On Monday CNBC's Diana Olick wrote a post about mortgage cure rates. For those of you who haven't read her stuff before, I recommend it. She is one of a very small minority of housing analysts who understand the comprehensiveness of the housing market.
A cure rate is a term used to represent the percentage of delinquent loans that are returned to "current" status each month.
In other words, for every 100 loans that are delinquent, how many of the owners will get caught up with the payment they have missed.
According to Fitch Ratings, Olick writes that from 2000-2006, 45% of loan delinquencies were being cured. That percentage has dropped to just 6.6% now.
More interesting, of the 6.6% that are being "cured", approximately 25% of those are from loan modifications.
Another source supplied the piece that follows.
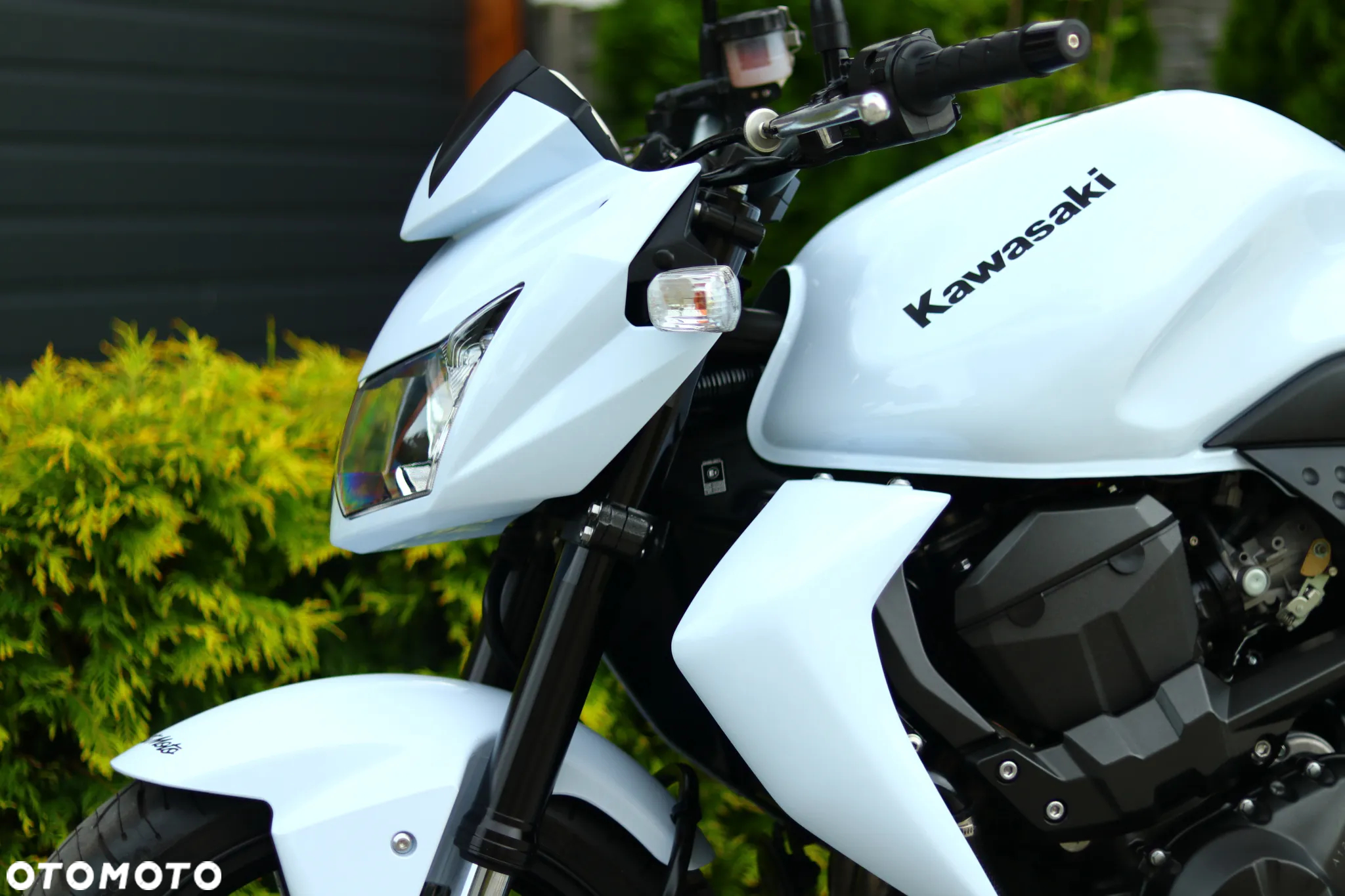 Kawasaki Z - 23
Unfortunately, statistics have shown that loan modifications have high re-default rates when measured over a period of several months.
What this cure rate study reveals is that many home owners are on the brink and are unable to rebound as they have before in the past.
This Fitch study, when combined with the recent MBA delinquency study which showed that 13.16% of all mortgages were at least 30 days late, reveals that a massive number of loans will be going into foreclosure over the next 12 months.
While home sales have increased over the past couple of months, the number of foreclosures continues to increase at a greater rate. This means that home values will continue to erode.